Using data from the US Dept of Agriculture Economic Research Service (USDA-ERS) I made the following two charts (I am in the infant stages of learning Excel, excuse the poor formatting!).
They show the "Accounting Profit"(
RED) and "Economic Profit" (
BLUE) for Corn and Soybeans in 2013. The distinction between the two is important in AP Microeconomics.
When tallying costs, accountants only care about explicit money costs paid for resources. When calculating economic costs, economists include implicit Opportunity Costs in addition to money costs.
Economic costs are
ALWAYS going to be more than accounting costs, hence economic profits are
ALWAYS going to be less than accounting profits. Repeat that until it clicks!

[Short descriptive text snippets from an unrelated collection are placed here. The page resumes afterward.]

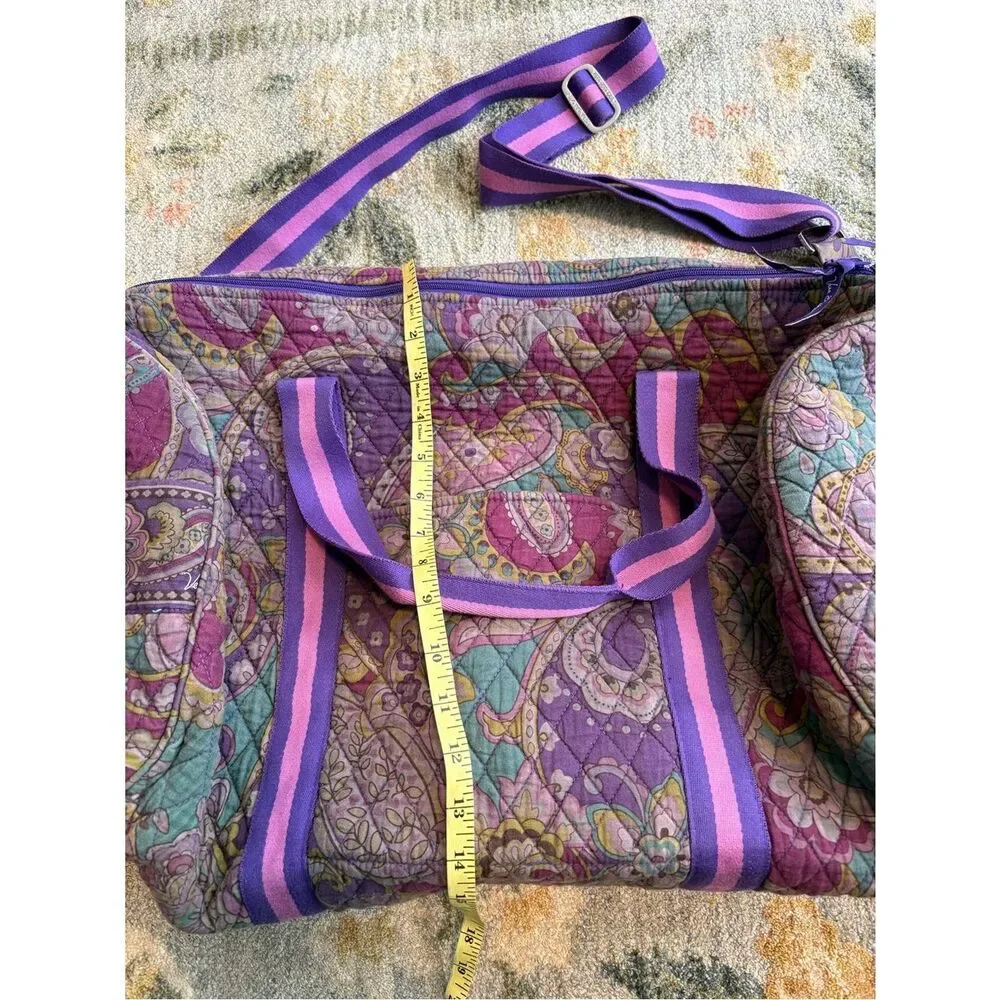 Vera Bradley Compact Sport Bag Tote Duffle Purple Paisley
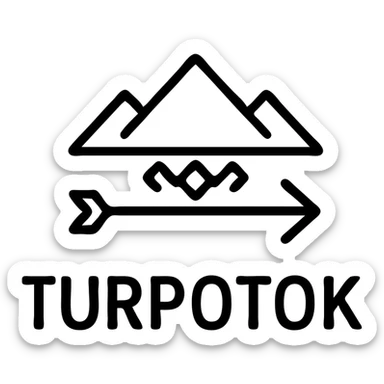 Simplified logo for Turpotok featuring a Kurai arrow and Ural Mountains, with clean lines and a modern sans-serif font. Minimal Bashkir ornamentation sticker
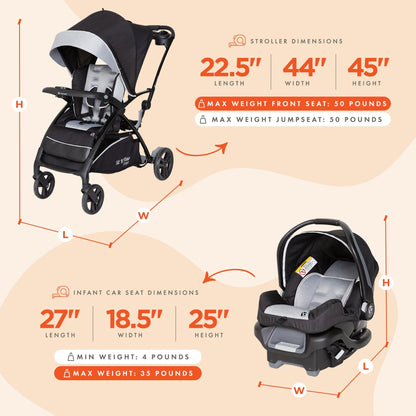 Baby Trend Sit N' Stand 5-in-1 Stroller with Ally 35 Infant Car Seat, Moondust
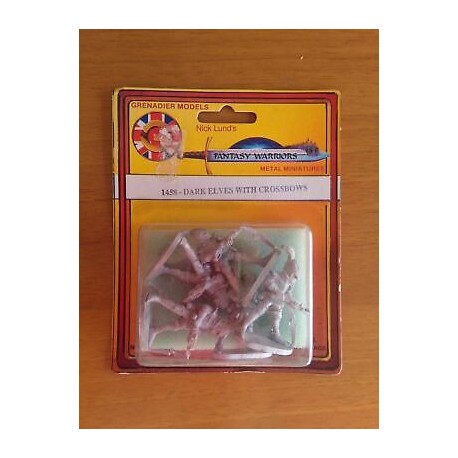 Fantasy Warriors - Dark Elves With Crossbows - 1458 - Metal Miniatures 28 mm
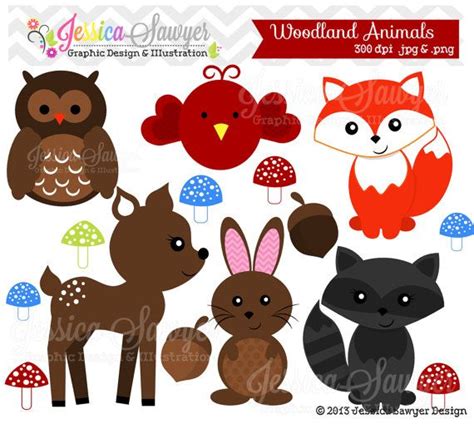 woodland animals clipart forest clip art  personal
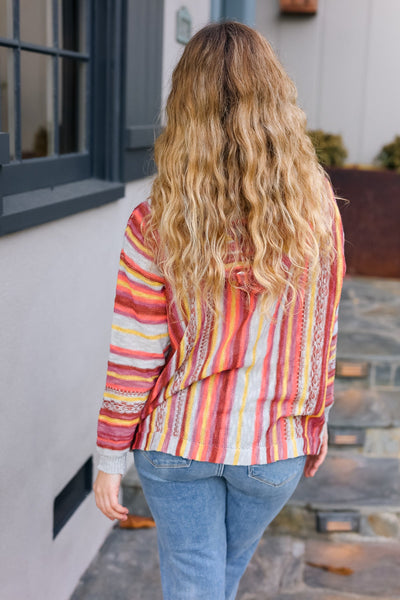 Be Bold Coral & Sienna Stripe Pullover Notched Neck Hoodie - Sybaritic Bags & Clothing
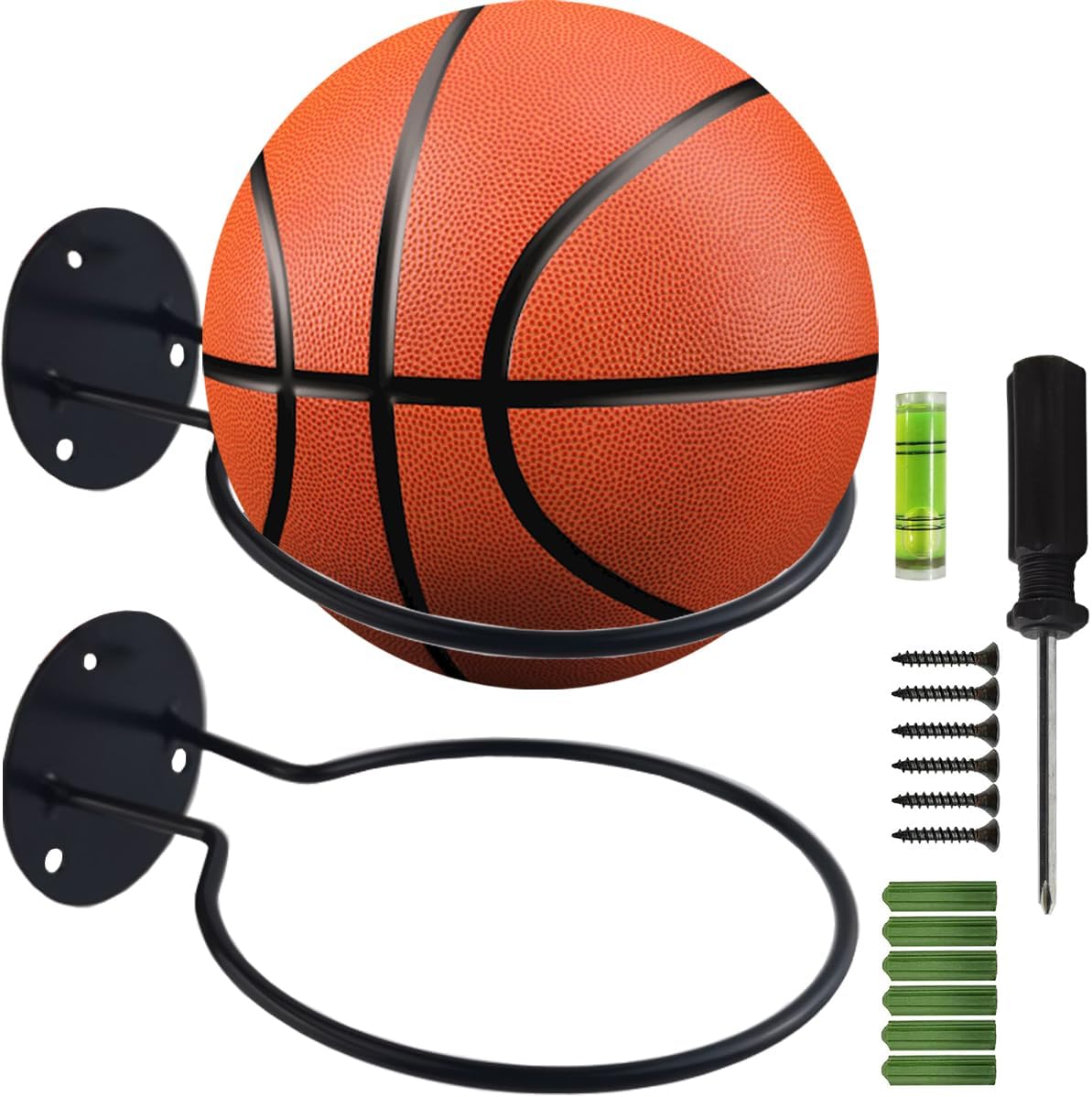 TIHOOD 2PCS Sports Ball Holders Wall Mount Display Rack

As a recent transplant to the mid-West (Illinois, now Ohio) I have quickly learned that Corn and Soybean require very similar resources to grow---the Opportunity Cost of switching from one to the other is apparently quite low.
Simple observation: Growing Corn in the "Northern Great Plains" does not seem like a good idea. Soybean returns a higher accounting and economic profit. Growing Soybean in the "Heartland" seems like a GREAT idea--accounting AND economic profits are high.
Note this data are for 2013. I drive around Central Ohio quite a bit. I notice many more fields that had corn last year are now teeming with soybean. Why?
Economic theory (and apparently practice if I can believe my lying eyes!) suggests in a "perfectly competitive" market, the presence of economic profit(s) induces producers to enter that market.
Use these graphs as you wish. Hope it helps with the concept.